Doha has marshaled global capital and technical know-how to develop its immense gas reserves into a huge cash flow, and is now directing part of that money into creating a smaller version of Dubai with its own unique characteristics.
Fundamentals
These then are fundamental changes, albeit paid for by a cyclical upturn in oil and gas revenues and aided by the turmoil in alternative cities in the region, particularly post 9/11 and the 2003 invasion of Iraq. These are permanent additions to infrastructure that will remain whatever happens in the cyclical sectors.
On the other hand, the cyclical upturn in hydrocarbon prices that started back in 2000 and peaked last summer may have run its course, or be set for a brief spike due to geopolitical disturbances before resuming a downward course.
For the reason behind this cyclical downturn in oil and gas prices we have only to consider the global economic cycle. The era of low interest rates is over and the world is now adjusting to a more expensive cost of capital. This has caused a housing crash in the US and an economic slowdown.
Cyclical downturn
The problem is that cyclical downturns always have to be played through the cycle. That means the US slowdown becomes something near or actually a recession, and that will certainly put a damper on oil and gas prices as demand will fall both from the US and from the nations exporting to the US.
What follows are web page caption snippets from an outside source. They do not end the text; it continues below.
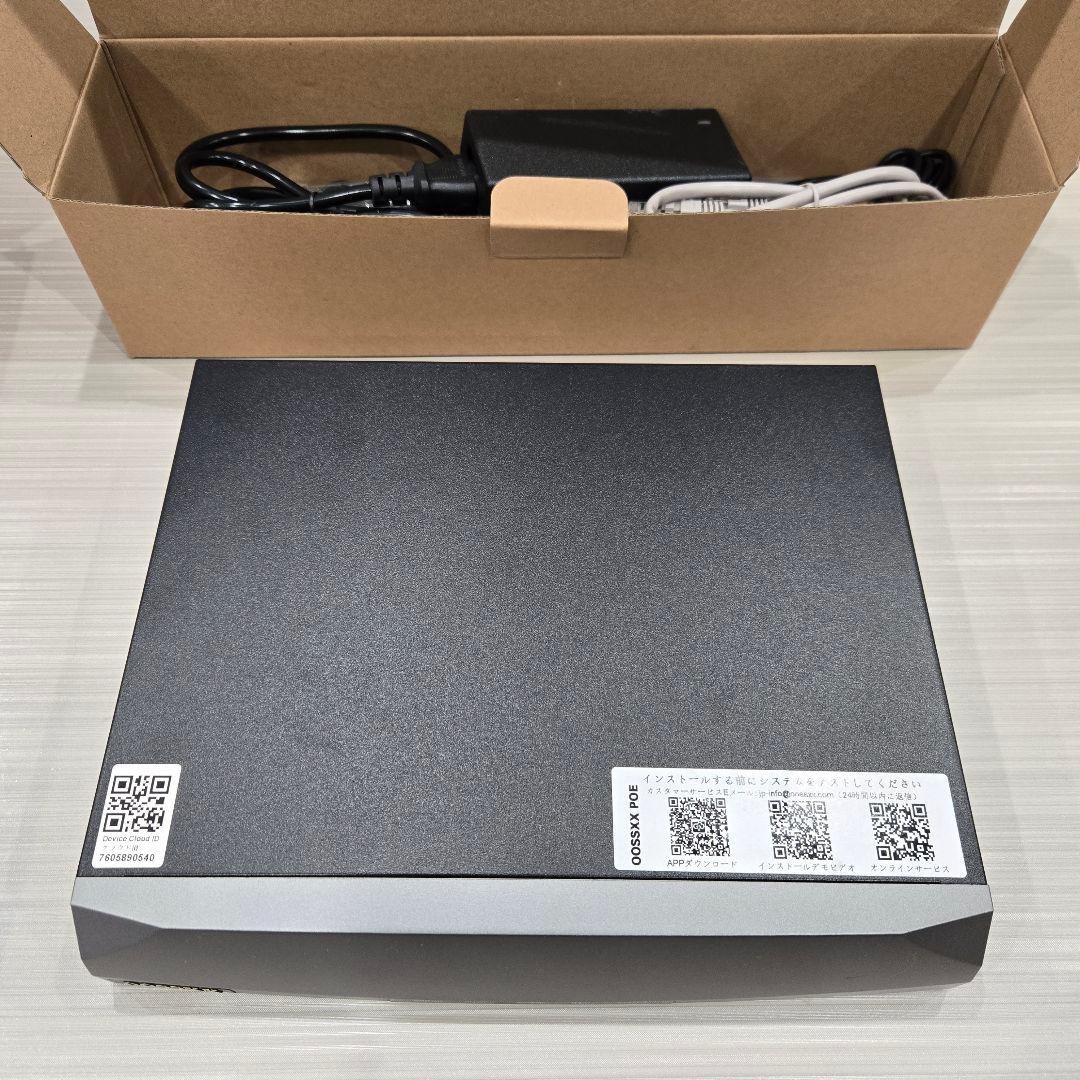 OOSSXX 屋外用防犯カメラ4台+3台セット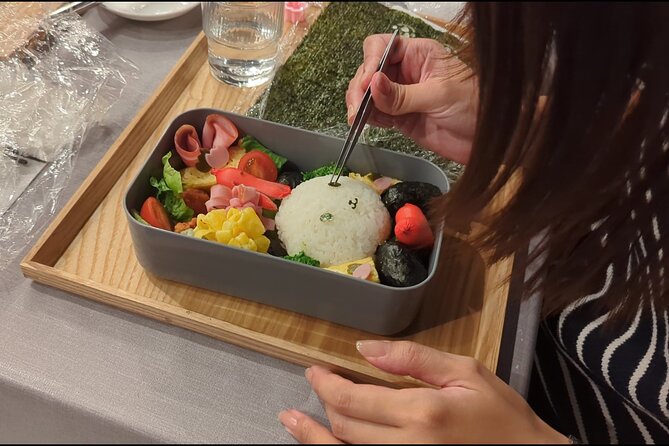 Tokyo Bento Experience - Explore Cute Culinary Art - Whats Included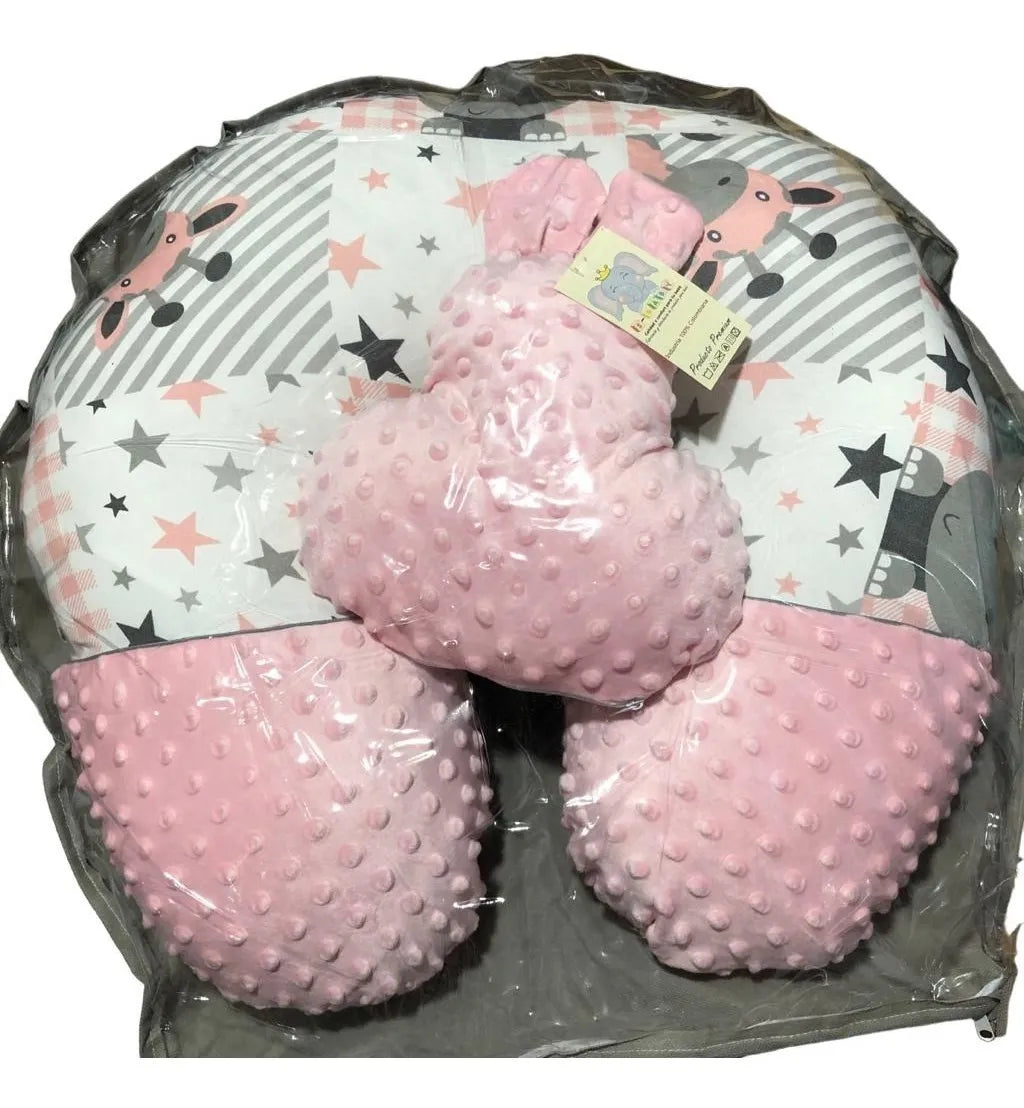 Cojín Multiusos Lactancia Materna + Almohada Bebe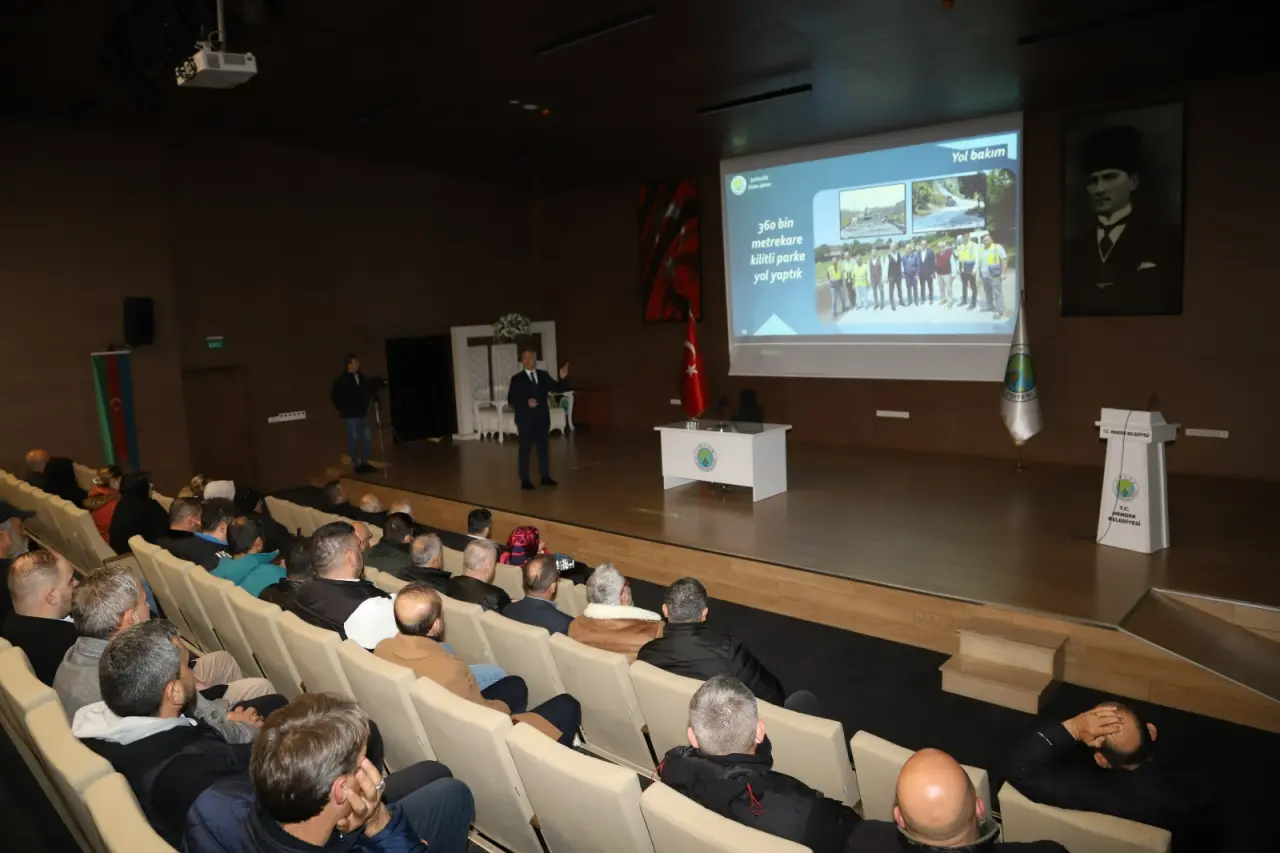 Haber: BÜLBÜL: HENDEK’İN GELECEĞİ EMİN ELLERDE - Galeri-2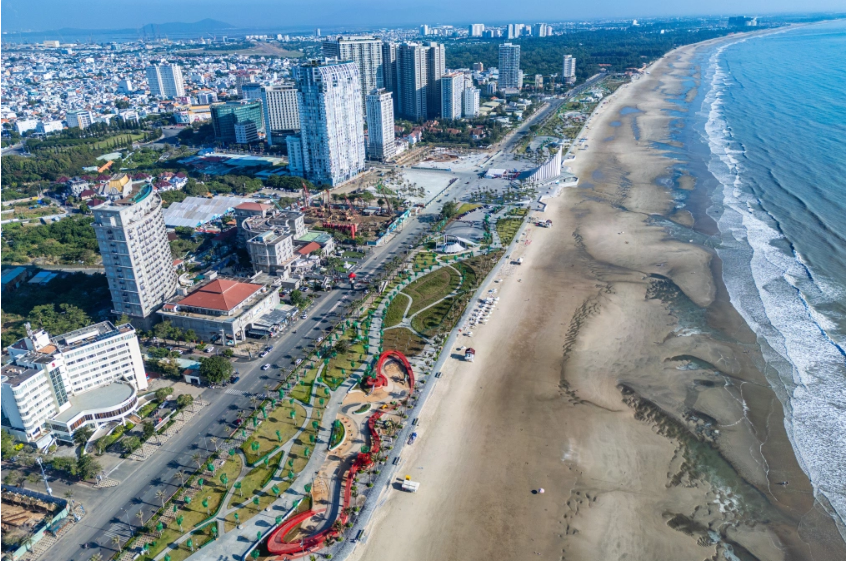 Thị trường bất động sản khu vực Vũng Tàu. Ảnh: Trường Hà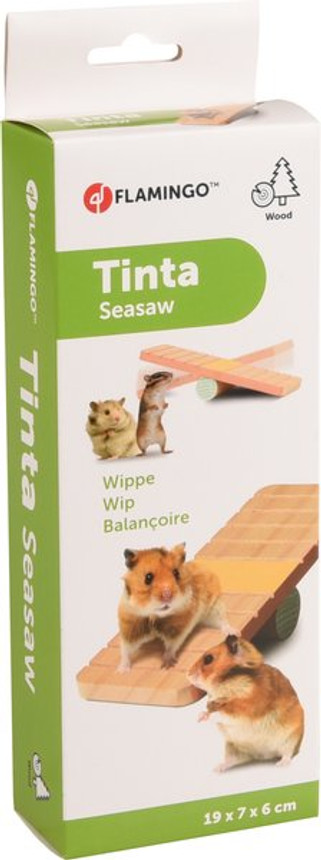 Flamingo f-210176 - Jouet Balançoire Brun clair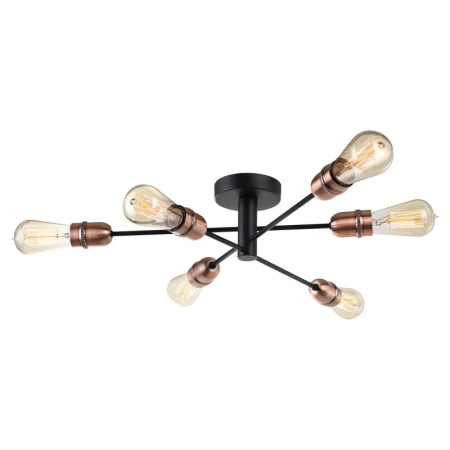 Люстры на штанге — Люстра на штанге Lussole LSP-8200 купить в 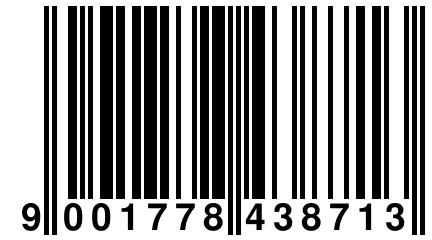 9 001778 438713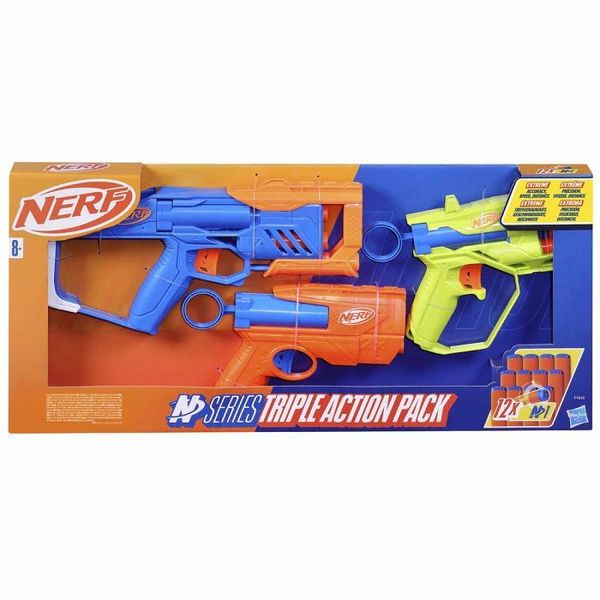Nerf-N Series Blaster 3 Pack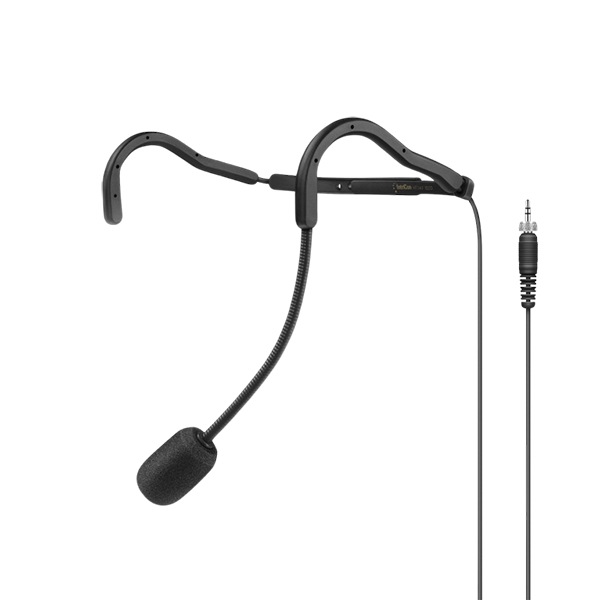 SENNHEISER HT 747 NECKBAND MIC BLK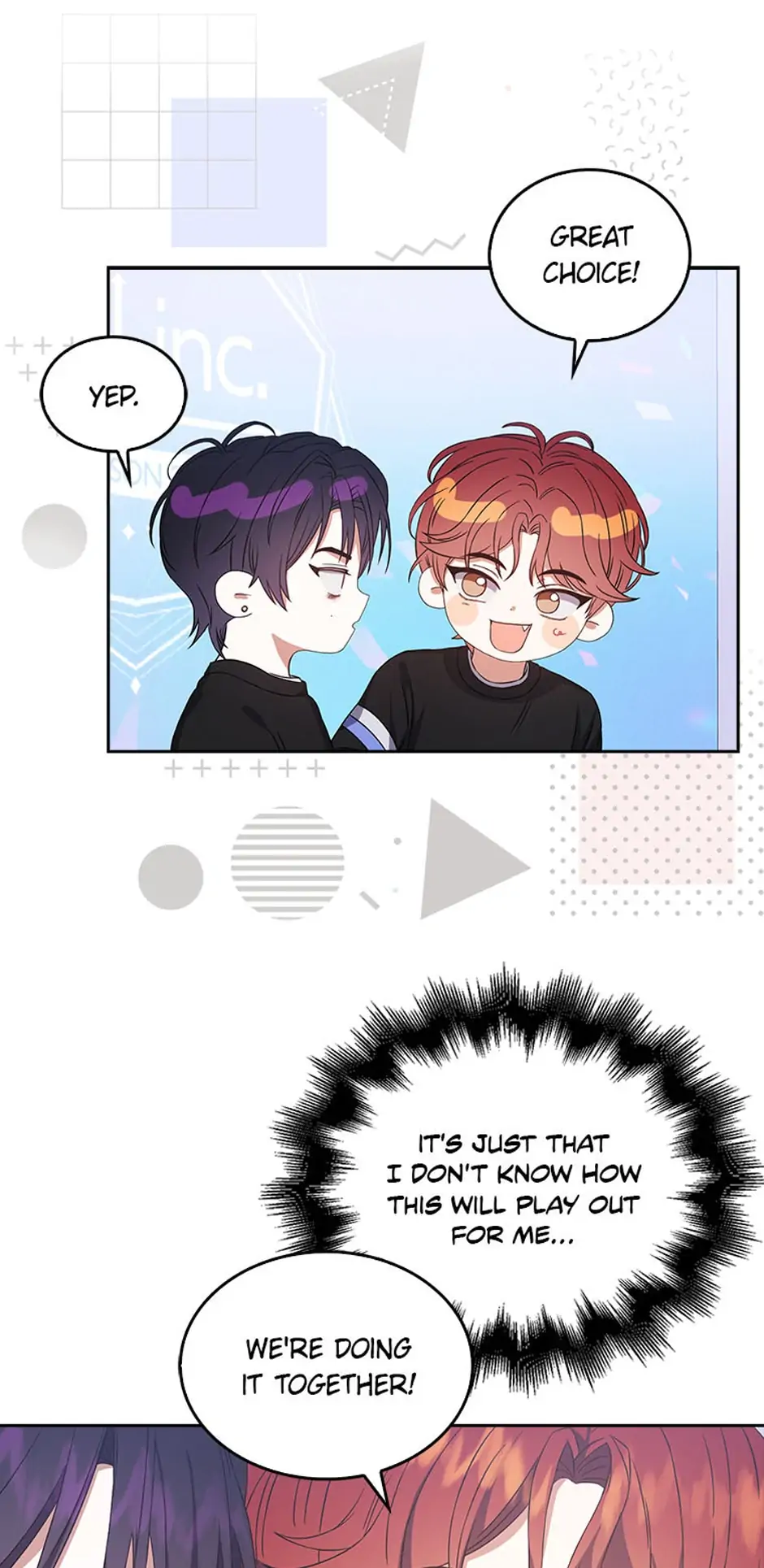 Debut or Die! (Official) - Chapter 25 manhwa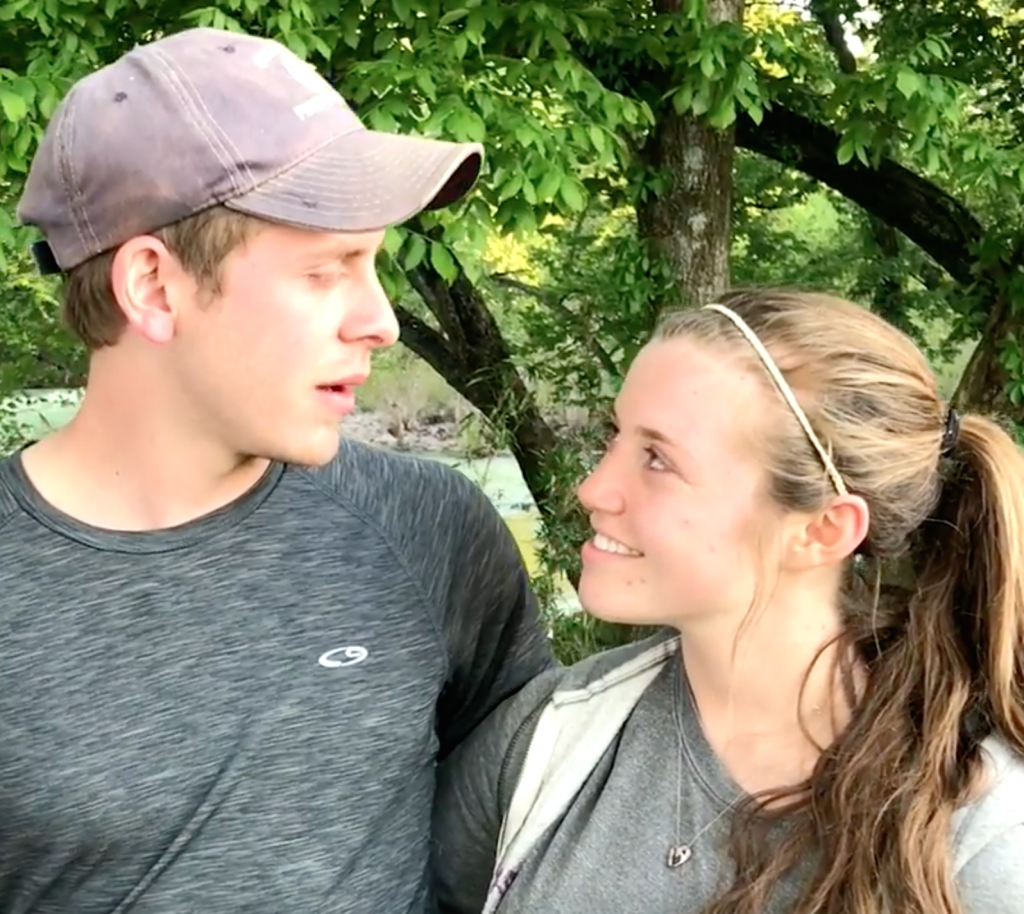 Austin Forsyth and Joy-Anna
Whether this slowdown in hydrocarbon demand lasts for long is another issue. It could be that supply side constraints, vis-a-vis peak oil are now so critical that the world is facing a fundamental up shift in oil and gas prices. But that will not stop the cycle turning through a phase of lower prices as cyclical demand falls due to a US slowdown or recession.
This will then produce a testing situation for the fundamentals of the Gulf economy. Liquidity will dry up and projects will have to stand or fall on their own internal economics. In short, a cyclical downturn will provide a challenge to economic fundamentals.